Word of the Week

Dance Your Dance

When is the last time you felt alive? When is the last time you felt free with passion bringing light to your eyes that you thought was long past? When is the last time you danced?

For me, being connected to new ideas and meaningful conversations always enlivens.

In this matter, if you've followed my blog for long you know that reading and being introduced to quality books is one of my favorite things. So, how grateful I was to be given some new texts to check out via conversations with the regional director of Feed the Children East Africa, Seintje who I met over the course of our recent travels. Seintje, being a native of Holland and seminary trained in the UK, shared with me several of her favorites that were new finds for my collection.

And I didn't have to wait long to find them. After a stop at a Catholic bookstore in downtown Nairobi a couple of days ago, I was able to pick up a copy of one of her recommendations called Awareness: the Perils and Opportunities of Reality by Anthony De Mello.

I was immediately drawn in to this book of insightful spiritual wisdom from the very first pages. Especially as I read these words of exhortation by Mello: "My business is to do my thing, to dance my dance. If you profit from it, fine; if you don't too bad! As the Arabs say, 'The nature of rain is the same, but it makes thorns grow in the marshes and flowers in the gardens.'"
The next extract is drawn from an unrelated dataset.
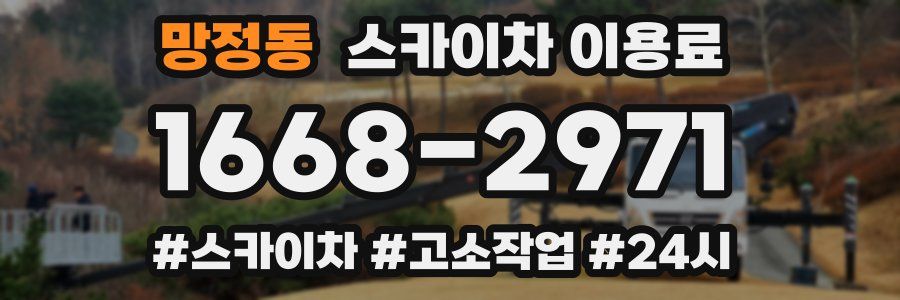 망정동 스카이차 이용료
What I love about this particular quote is the clarity of the idea shared. It's direct and to the point: how often are we all guilty of moving in the direction of someone else's life path and not our own. We so easily make the moves of our lives based on a cultural blueprint rather than what might be our new course to blaze. When we do this, we aren't awake to our own lives, as Mello writes. We are sleep walking instead.

I met several large groups of women this week who greeted our Feed the Children delegation with dancing and singing. No sleep walking for them, literally. As we got out of the car on several occasions, the welcome started cheering loudly and dancing with hands raised! These women could have had easily shied away from being themselves, we were strangers after all. But no matter what excuses they could have given-- they danced. They danced in their own way at their own pace with joy on their faces to be able to share their lives with us.
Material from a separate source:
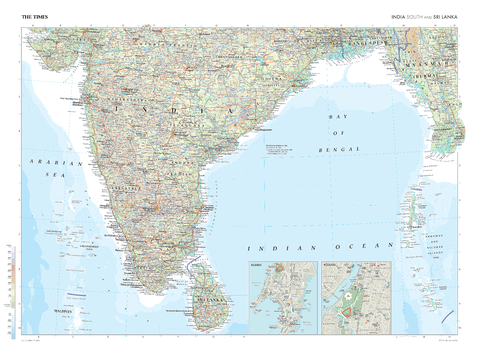 The Times Map of India (South) and Sri Lanka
So too, this must be our way, says Mello. We all have our dance and we must get to it. Our dancing will be like rain on the parched ground for some who have forgotten what joy looks like. Seeing us dance might remind them how to dance again too right where they are.
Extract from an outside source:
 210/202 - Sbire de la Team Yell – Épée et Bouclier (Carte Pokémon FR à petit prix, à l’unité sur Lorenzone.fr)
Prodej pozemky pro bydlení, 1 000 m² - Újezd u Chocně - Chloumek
Yet, others, who are walking in the dark (and very much liking the way things are) will look at our dancing and point their fingers in exclamation of our insanity. Stop living this way! Stop being so happy! You can't live like this. You're exposing our anxiety and loneliness. You're exposing our fear.

They'll say these things because they are jealous of our freedom. They'll wish they could cut loose too. They haven't yet learned to dance.

But no matter what, our invitation to dance by our God remains. We all get this invitation. Our dance card is ready. Time will tell where we will go. We just have to get to it: dancing our dance. It's ours to dance alone.